WHAT TO PRODUCE: Reproduce all of the records exactly.

[[ EXTRACTED DATA, beginning ]]

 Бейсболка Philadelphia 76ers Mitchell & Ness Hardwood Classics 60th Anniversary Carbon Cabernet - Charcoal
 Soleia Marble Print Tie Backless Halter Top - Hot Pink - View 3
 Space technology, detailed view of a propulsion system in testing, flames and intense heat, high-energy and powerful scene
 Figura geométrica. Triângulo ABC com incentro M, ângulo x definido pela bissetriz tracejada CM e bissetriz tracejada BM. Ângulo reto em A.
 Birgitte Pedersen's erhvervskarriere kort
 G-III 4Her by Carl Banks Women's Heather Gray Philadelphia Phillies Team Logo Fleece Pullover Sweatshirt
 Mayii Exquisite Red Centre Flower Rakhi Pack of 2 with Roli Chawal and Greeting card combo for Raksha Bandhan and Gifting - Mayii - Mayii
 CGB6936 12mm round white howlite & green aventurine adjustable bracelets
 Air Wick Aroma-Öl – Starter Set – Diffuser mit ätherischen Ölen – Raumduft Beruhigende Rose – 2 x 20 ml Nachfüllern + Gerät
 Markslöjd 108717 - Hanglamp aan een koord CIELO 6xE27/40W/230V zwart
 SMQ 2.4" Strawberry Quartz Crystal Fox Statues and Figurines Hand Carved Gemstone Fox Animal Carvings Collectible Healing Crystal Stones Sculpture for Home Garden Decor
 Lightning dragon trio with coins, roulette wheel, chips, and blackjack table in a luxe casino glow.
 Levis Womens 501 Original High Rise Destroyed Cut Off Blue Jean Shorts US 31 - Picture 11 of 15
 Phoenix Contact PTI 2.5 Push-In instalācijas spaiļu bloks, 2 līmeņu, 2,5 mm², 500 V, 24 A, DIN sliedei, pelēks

[[ EXTRACTED DATA, end ]]

RESPONSE TO THE EXERCISE:
 Бейсболка Philadelphia 76ers Mitchell & Ness Hardwood Classics 60th Anniversary Carbon Cabernet - Charcoal
 Soleia Marble Print Tie Backless Halter Top - Hot Pink - View 3
 Space technology, detailed view of a propulsion system in testing, flames and intense heat, high-energy and powerful scene
 Figura geométrica. Triângulo ABC com incentro M, ângulo x definido pela bissetriz tracejada CM e bissetriz tracejada BM. Ângulo reto em A.
 Birgitte Pedersen's erhvervskarriere kort
 G-III 4Her by Carl Banks Women's Heather Gray Philadelphia Phillies Team Logo Fleece Pullover Sweatshirt
 Mayii Exquisite Red Centre Flower Rakhi Pack of 2 with Roli Chawal and Greeting card combo for Raksha Bandhan and Gifting - Mayii - Mayii
 CGB6936 12mm round white howlite & green aventurine adjustable bracelets
 Air Wick Aroma-Öl – Starter Set – Diffuser mit ätherischen Ölen – Raumduft Beruhigende Rose – 2 x 20 ml Nachfüllern + Gerät
 Markslöjd 108717 - Hanglamp aan een koord CIELO 6xE27/40W/230V zwart
 SMQ 2.4" Strawberry Quartz Crystal Fox Statues and Figurines Hand Carved Gemstone Fox Animal Carvings Collectible Healing Crystal Stones Sculpture for Home Garden Decor
 Lightning dragon trio with coins, roulette wheel, chips, and blackjack table in a luxe casino glow.
 Levis Womens 501 Original High Rise Destroyed Cut Off Blue Jean Shorts US 31 - Picture 11 of 15
 Phoenix Contact PTI 2.5 Push-In instalācijas spaiļu bloks, 2 līmeņu, 2,5 mm², 500 V, 24 A, DIN sliedei, pelēks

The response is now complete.